-AA 15

21 9 6
                                    

Pukul 14.59

Semua siswa tentunya menahan kantuk jika jam pelajaran terakhirnya. Seperti hal nya Acha nampak tak fokus belajar biologi pada saat jam terakhir. Mengusir rasa bosan karena harus mendengarkan bu Eni mengajar, Acha melirik luar kelas. Matanya menajam melihat cowok tersebut melalui kelas Acha namun mukanya melihat kearah lain jadi ia tak melihat wajah tuh cowok. "Benerkan cowok itu sekolah disini" batin Acha.

Jam pelajaran sudah selesai membuat siswa-siswa sekolah ini berhamburan pulang ke rumahnya masing-masing.

Cuaca hari ini nampak mendung. Mungkin akan turun hujan, pikirnya. Kelas sudah nampak sepi menyisakan Acha,Nashi dan Abri.

"Cha, gue nebeng sepeda lo lagi ya, soalnya enggak bawa motor hehe."

Acha mengangguk faham. Mereka berdiri dan melangkah pergi keluar kelas. Namun disaat mereka ingin menaiki sepeda sepertinya ada yang memanggil Acha. Mereka menoleh sudah ada Arkan yang berlari kecil mengejarnya.

"Capek banget." tutur Arkan.

"Salah siapa ngejar kita!" ketus Abri. Apa akan ada persaingan sengit untuk merebut hati Acha? Namun Acha masih bimbang untuk memilih salah satu dari mereka. Arkan adalah orang yang masih Acha kagumi. Namun Abri juga enggak kalah penting. Hidup nya selalu ada Abri, dimana ada Acha pasti disitu ada Abri.

Acha melangkah mendekati Arkan "Iya kak, kenapa ngejar Acha."

"Lo mau enggak nanti malam jalan sama gue Cha?" tanya arkan. Apa ini mimpi? Acha mungkin sedang halu namun halunya menjadi kenyataan Acha di ajak sama Arkan jalan. Dengan antusias Acha mengangguk bahwa ia setuju.

"Nanti malam gue chat lo." Arkan tersenyum dan berlalu pergi.

"Dia betes gue liatnya." Acha menyenggol lengan Abri, "Eh tapi dia dapat nomor gue dari mana?" Sambungn Acha memikirkan perihal nomor.

"Bodoamat, enggak usah alai, cepet naik." sewot Abri, namun akhirnya Acha menaiki sepeda bersama Abri.

Dengan sepeda yang mereka naiki seraya bersenandung membelah jalanan kota bandung. Menikmati udara segar karena cuacana mendung.

Acha mengangkat tangannya keatas, angin berhembus kencang. membuat rambut Acha menutupi wajahnya. melambai-lambai tangannya ke atas menyambut angin yang menyentuh kulitnya "Gue capek dengan masalah ini." Teriaknya seiring hembusan angin. Abri yang melihat hanya perlu mendengarkan Acha berbicara.

"Cha, gue ajak lo kesuatu tempat. lo mau?" tanya Abri , diangguki oleh Acha.

Tangan Abri memegang tangan kanan Acha dan menaruhnya pada pinggangnya. Acha tau maksud dari Abri kedua tangannya memeluk tubuh Abri dengan erat.

"Nyaman." wangi parfum maskulin Abri bisa tercium oleh Acha. Jarak mereka begitu dekat hingga membuat jantung Acha semakin berdetak dengan cepat, berirama layaknya alunan musik.

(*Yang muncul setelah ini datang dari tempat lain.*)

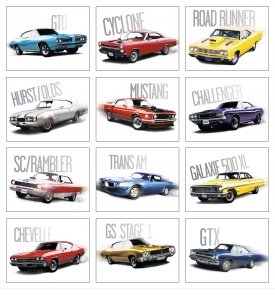 Classic Muscle Cars Calendar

"Lo tau Cha, kenyaman menjadi awal untuk membuat seseorang jatuh cinta." Acha hanya kendengarkan ucapan Abri tanpa mau membalasnya.

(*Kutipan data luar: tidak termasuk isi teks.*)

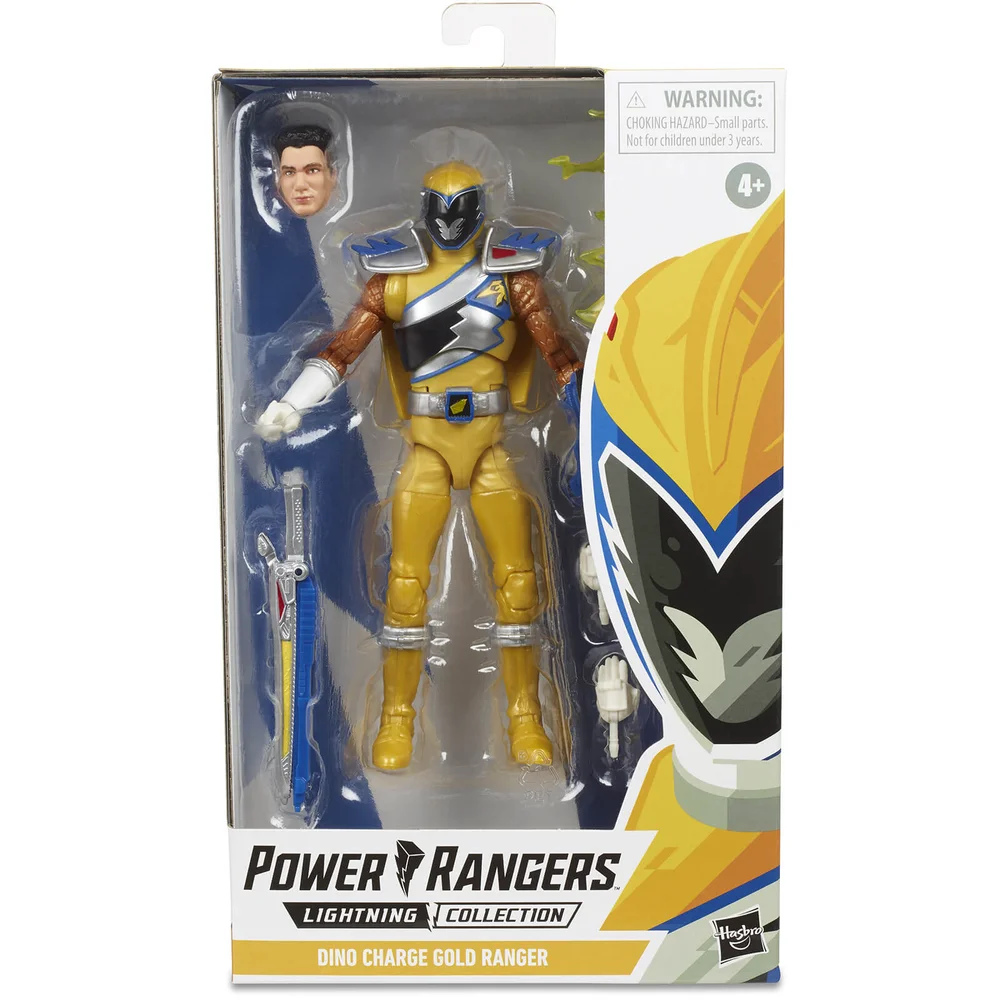 Hasbro Power Rangers Lightning Collection Dino Charge Gold Ranger 6 Inch Action Figure Bild 1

Cinta memang menjadi alasan orang hidup, tanpa cinta mereka tak akan pernah bahagia. Orang yang selalu ada akan kalah dengan kenyamanan.

"Cha, lo beneran suka sama Arkan?" tanya Abri seraya menggoes sepeda.

"Gue enggak tau, suka atau hanya mengagumi saja." Acha sendiri masih tidak tau dengan perasaannya sendiri. Ia mengagumi Arkan namun tidak ingin kehilangan Abri. Bilang saja Acha egois namun kenyataannya memang benar adanya.

Setelah menggoes sepeda cukup jauh, mereka sampai pada tempat yang sejuk dan juga langit seolah mendukung karena mendung membuat mereka menghirup udara segar. Alam yang masih alami di tumpuhi pohon-pohon yang menjulang tinggi membuatnya berfikir panjang tempat apa ini. Pasalnya Abri baru mengajaknya ketempat senyaman ini.